Home equity loan vs. cash-out refinance: Which is better?
Many Americans are facing economic challenges, whether that's because of issues like job losses in their industry, rising prices or just general uncertainty about where the economy is heading. Amidst these concerns, some homeowners might be looking to tap into their home equity.
By accessing more cash from their home equity, homeowners can gain the flexibility to navigate difficult situations, such as getting through a period of unemployment. Or you might want the funds for things like home renovations.
That said, tapping into your home equity can come with additional costs, such as the interest paid on the loan, as well as risks, such as potential foreclosure if unable to pay back the loan. But if you're comfortable taking on this debt to gain the benefits of having more cash upfront, then you might consider applying for a home equity loan or a cash-out refinance.
These two popular ways to access your home equity have varying pros and cons, and determining which one is better depends on your situation. Here, we'll take a closer look at both options.
If you think a home equity loan could be beneficial for your situation then start exploring rates and terms here now.
What is a home equity loan?
A home equity loan, often referred to as a second mortgage, is typically a fixed-rate loan that lets you borrow against some of your home equity and receive a lump sum of cash.
This often exists alongside your current mortgage, and the amount of your current mortgage plus your home equity loan can typically add up to around 85% of your home's appraised value, though the exact amounts can vary by lender and your circumstances.
For example, if you have a home valued at $1 million and $500,000 left on your mortgage, you might take out a home equity loan for $350,000, as that would mean you're borrowing 85% of your home's total value.
What is cash-out refinancing?
While a home equity loan can exist alongside your current mortgage, cash-out refinancing generally involves replacing your mortgage with a new, larger loan. The amount you borrow that exceeds your mortgage balance can then be taken as cash.
A cash-out refinance typically has a limit of 80% of your home's value, though that can also vary at times. And the interest rate can either be fixed or variable.
For example, if you have a home valued at $1 million and $500,000 left on your mortgage, you might do a cash-out refinance for $800,000. That money would then be used to pay off your existing mortgage, leaving you with $300,000 in cash.
However, your total debt would then be $800,000, as opposed to the $500,000 you had before. You would be paying interest on the full amount, so that might affect how much cash you decide to take out.
Explore your refinancing options here to see if it makes sense for you.

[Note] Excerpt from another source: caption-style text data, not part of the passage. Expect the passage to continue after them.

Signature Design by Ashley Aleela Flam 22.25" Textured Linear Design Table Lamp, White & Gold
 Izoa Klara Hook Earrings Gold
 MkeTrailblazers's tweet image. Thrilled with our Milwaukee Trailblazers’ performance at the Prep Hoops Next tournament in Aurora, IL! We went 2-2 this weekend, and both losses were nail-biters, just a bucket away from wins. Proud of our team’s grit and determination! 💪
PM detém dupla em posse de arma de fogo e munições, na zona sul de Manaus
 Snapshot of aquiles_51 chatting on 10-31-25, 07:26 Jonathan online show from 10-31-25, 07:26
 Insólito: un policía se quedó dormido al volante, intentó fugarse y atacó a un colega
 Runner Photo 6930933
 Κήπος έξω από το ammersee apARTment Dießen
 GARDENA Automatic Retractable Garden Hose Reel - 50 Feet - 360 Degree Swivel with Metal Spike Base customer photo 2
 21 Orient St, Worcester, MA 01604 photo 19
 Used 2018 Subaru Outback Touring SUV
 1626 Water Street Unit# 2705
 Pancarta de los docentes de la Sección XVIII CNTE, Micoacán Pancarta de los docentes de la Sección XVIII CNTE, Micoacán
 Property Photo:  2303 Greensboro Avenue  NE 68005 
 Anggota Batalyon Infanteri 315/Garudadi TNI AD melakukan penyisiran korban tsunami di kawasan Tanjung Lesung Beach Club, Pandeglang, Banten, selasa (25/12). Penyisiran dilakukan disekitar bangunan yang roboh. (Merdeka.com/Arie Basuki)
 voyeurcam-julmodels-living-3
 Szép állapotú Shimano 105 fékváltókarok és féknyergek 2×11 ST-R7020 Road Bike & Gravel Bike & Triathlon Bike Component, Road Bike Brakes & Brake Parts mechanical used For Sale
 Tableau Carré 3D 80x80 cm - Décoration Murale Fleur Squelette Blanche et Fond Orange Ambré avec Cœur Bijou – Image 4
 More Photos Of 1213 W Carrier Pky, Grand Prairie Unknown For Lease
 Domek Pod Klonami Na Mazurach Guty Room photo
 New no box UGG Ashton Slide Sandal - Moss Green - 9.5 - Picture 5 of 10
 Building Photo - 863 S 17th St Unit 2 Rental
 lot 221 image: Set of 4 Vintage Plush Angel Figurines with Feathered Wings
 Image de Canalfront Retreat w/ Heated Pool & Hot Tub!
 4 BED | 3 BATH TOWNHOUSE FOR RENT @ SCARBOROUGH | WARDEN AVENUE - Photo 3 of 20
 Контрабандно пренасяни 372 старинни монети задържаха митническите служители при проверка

When it may be better to use a home equity loan
If you're happy with your current mortgage terms but still want to access cash from your home equity, you might be better off using a home equity loan.
Given that interest rates have generally gone up over the past couple of years, your home equity loan interest rate might be significantly higher than your mortgage rate. But that home equity loan would only be a portion of your debt (and it's still likely to be lower than rates on alternatives like credit cards and personal loans). You would still maintain your existing mortgage, rather than fully replacing it with a potentially higher-interest-rate loan via a cash-out refinance.
When it may be better to use a cash-out refinance
If you want to refinance your existing mortgage, such as if you recently took out a mortgage at a higher interest rate than current offers, and you also want to access some of your home equity, then you might be better off with a cash-out refinance.
When doing a cash-out refinance, you might also decide to change your mortgage terms, such as switching to a 15-year rather than a 30-year mortgage to pay off your loan faster.
Cash-out refinances tend to have lower interest rates than home equity loans. However, you'd have to do the math to see what would be more expensive on an overall basis. Compare the total costs of your current mortgage plus a home equity loan, versus the total costs of a cash-out refinance.
The bottom line
Both home equity loans and cash-out refinances can help homeowners access cash, but they can carry additional costs. If you do want to borrow money in one of these ways, consider what the total costs would be, rather than just looking at the headline numbers.
A cash-out refinance might have a lower interest rate than a home equity loan, but it could be more expensive overall if it replaces a low-interest-rate mortgage. In other cases, though, a cash-out refinance might help you adjust to more favorable mortgage terms while giving you additional flexibility by taking cash out.
See what makes sense for your situation and consider speaking with an advisor who can help you weigh different borrowing options.